| WHAT YOU SHOULD DO |
Nothing should appear in the answer except the lines below from the line containing "barefoot blizzard_entertainment butt" through the line containing "AH Keuken- en theedoek mint set 2-pack", copied exactly, with pictures left out.

| EXTRACTED DATA |
•••••

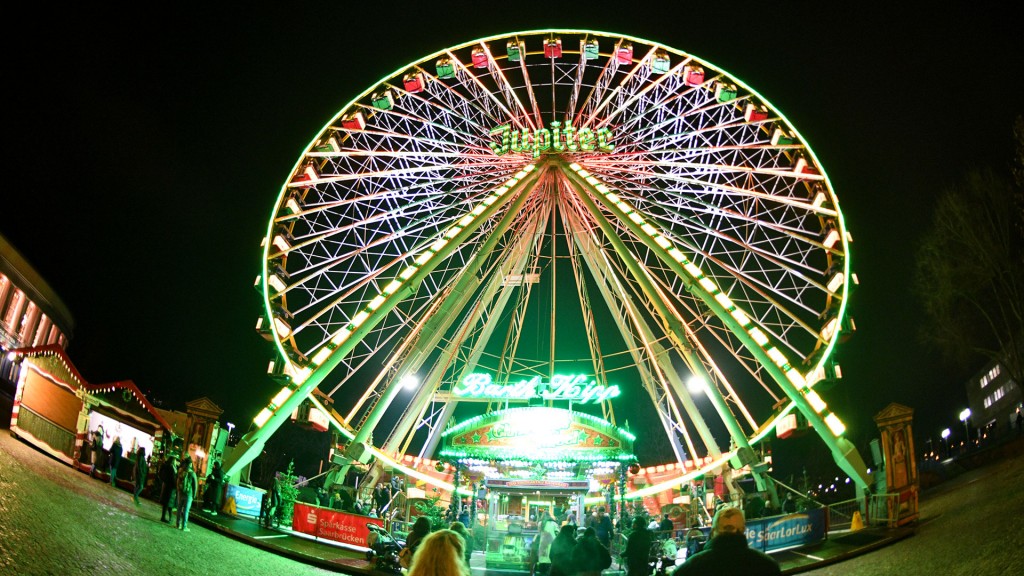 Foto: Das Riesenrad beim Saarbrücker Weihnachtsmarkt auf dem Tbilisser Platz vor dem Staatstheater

•••••

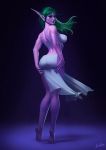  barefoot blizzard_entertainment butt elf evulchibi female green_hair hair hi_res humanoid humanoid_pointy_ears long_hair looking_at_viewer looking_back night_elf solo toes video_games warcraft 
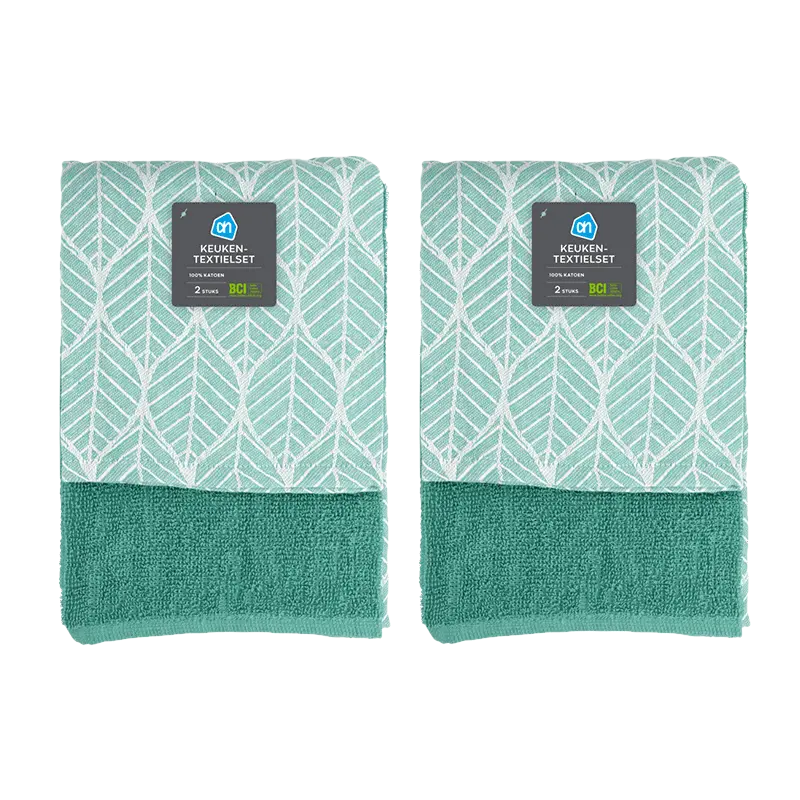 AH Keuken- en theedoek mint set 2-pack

•••••

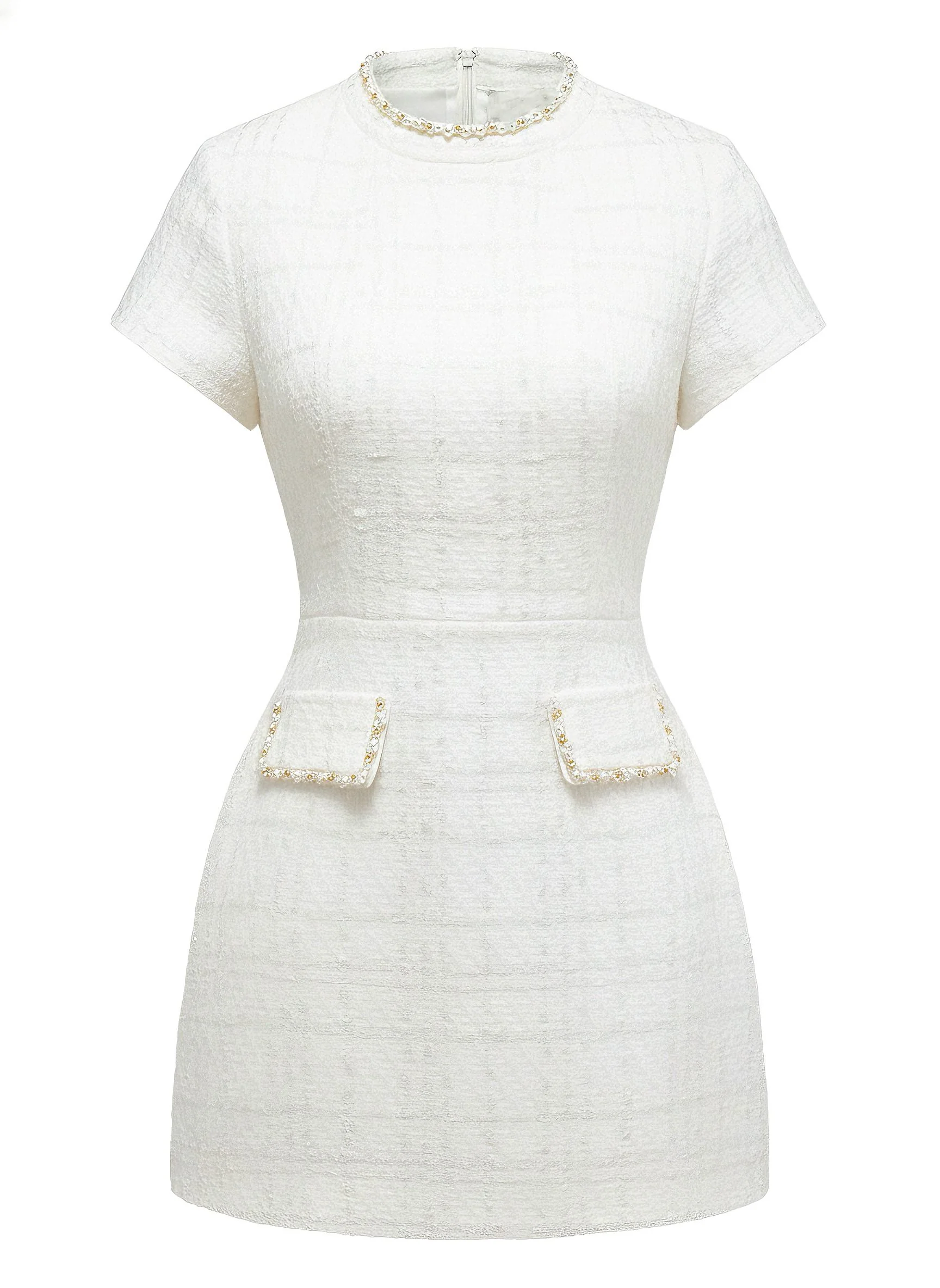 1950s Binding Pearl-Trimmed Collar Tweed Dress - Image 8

•••••

| PROBLEM SOLUTION |
  barefoot blizzard_entertainment butt elf evulchibi female green_hair hair hi_res humanoid humanoid_pointy_ears long_hair looking_at_viewer looking_back night_elf solo toes video_games warcraft 
 AH Keuken- en theedoek mint set 2-pack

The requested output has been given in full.